TRY IT
Starting at the line that contains "Orquestra Sinfônica Jovem", print every remaining line of the entries, unchanged, and output nothing more.

Caption-style text data
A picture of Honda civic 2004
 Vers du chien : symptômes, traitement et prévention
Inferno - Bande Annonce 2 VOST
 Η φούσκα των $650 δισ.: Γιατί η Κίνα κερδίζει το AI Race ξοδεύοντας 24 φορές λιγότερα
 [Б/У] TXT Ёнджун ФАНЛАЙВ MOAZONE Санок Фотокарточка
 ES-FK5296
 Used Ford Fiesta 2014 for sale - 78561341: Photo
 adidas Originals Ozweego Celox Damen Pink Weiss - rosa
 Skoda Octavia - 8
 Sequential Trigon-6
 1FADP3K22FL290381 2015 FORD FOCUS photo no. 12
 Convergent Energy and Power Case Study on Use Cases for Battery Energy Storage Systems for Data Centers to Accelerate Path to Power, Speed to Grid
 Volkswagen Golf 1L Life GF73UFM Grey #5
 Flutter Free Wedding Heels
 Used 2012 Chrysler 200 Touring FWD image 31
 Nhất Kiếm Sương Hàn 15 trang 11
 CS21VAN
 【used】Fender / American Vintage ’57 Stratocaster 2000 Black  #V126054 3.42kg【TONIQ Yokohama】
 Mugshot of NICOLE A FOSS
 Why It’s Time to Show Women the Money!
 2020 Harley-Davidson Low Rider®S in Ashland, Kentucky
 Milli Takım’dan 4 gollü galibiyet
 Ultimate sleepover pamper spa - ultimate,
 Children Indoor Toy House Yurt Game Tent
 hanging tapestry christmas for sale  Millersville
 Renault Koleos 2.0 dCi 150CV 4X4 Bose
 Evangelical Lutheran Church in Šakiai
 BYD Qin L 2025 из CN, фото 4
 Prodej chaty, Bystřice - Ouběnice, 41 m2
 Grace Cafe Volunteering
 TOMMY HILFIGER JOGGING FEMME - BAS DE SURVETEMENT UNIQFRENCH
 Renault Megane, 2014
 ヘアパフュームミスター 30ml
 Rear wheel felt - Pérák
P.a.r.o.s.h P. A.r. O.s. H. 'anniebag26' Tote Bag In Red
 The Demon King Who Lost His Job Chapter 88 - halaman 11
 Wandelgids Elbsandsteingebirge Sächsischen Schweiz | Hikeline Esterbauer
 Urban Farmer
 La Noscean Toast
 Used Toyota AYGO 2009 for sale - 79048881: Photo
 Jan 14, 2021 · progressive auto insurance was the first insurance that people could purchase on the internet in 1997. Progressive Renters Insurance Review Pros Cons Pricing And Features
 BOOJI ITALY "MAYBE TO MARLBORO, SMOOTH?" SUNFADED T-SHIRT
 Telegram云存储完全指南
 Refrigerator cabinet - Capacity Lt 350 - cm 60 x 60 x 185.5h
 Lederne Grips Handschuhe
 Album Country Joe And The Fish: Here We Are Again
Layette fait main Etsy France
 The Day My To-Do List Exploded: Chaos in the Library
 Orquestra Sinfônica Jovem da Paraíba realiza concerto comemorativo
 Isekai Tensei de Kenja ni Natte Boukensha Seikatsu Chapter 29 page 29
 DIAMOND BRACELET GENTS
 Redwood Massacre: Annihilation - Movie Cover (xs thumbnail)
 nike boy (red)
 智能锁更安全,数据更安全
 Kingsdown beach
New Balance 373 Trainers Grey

RESPONSE TO THIS EXERCISE
 Orquestra Sinfônica Jovem da Paraíba realiza concerto comemorativo
 Isekai Tensei de Kenja ni Natte Boukensha Seikatsu Chapter 29 page 29
 DIAMOND BRACELET GENTS
 Redwood Massacre: Annihilation - Movie Cover (xs thumbnail)
 nike boy (red)
 智能锁更安全,数据更安全
 Kingsdown beach
New Balance 373 Trainers Grey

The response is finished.